# ABOUT THIS TASK
Which lines below fall between the one containing "As your stored" and the one containing "Okay, let's see"? Repeat them exactly, counting both of those lines, and add nothing else.

[DATA SHOWN — start]

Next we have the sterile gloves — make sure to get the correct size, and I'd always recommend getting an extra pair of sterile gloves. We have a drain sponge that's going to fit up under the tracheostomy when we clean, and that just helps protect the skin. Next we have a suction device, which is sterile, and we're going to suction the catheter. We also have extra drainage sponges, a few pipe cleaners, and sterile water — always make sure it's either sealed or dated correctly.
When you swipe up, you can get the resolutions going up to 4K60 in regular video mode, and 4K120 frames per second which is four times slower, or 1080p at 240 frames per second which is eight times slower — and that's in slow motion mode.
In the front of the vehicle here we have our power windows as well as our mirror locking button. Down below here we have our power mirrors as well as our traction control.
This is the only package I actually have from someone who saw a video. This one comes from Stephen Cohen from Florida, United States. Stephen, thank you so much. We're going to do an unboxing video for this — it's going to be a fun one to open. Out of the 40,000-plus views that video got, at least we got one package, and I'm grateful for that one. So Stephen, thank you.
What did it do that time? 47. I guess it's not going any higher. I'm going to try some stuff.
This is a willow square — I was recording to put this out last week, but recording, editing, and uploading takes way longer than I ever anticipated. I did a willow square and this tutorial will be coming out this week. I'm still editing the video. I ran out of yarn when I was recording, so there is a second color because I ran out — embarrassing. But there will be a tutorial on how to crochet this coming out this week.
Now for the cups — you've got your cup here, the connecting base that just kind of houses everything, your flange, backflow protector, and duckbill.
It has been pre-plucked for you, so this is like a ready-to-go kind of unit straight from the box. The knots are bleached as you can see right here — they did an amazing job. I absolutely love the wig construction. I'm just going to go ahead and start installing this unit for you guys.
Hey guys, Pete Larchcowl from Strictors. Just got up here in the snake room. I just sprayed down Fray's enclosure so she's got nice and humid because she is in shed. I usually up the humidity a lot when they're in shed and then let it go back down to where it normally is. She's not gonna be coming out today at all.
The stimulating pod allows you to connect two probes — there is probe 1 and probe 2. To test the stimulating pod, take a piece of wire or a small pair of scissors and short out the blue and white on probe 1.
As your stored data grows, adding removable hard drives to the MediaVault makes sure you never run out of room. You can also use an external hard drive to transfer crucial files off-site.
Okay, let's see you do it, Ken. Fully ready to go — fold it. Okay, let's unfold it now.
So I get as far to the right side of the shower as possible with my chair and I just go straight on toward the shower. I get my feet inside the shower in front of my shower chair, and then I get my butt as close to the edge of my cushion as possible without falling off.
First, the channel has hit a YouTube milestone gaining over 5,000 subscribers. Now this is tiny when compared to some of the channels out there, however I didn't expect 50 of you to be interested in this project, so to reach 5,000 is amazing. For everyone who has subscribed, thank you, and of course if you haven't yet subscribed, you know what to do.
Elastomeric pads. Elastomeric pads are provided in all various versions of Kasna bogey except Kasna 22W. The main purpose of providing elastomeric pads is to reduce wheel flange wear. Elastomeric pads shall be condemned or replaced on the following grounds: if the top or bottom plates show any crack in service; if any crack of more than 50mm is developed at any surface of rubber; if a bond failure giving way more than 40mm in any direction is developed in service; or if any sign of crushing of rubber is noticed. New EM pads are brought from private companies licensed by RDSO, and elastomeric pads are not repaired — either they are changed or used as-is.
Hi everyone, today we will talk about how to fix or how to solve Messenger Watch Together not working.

[DATA SHOWN — finish]

# EXPECTED ANSWER
As your stored data grows, adding removable hard drives to the MediaVault makes sure you never run out of room. You can also use an external hard drive to transfer crucial files off-site.
Okay, let's see you do it, Ken. Fully ready to go — fold it. Okay, let's unfold it now.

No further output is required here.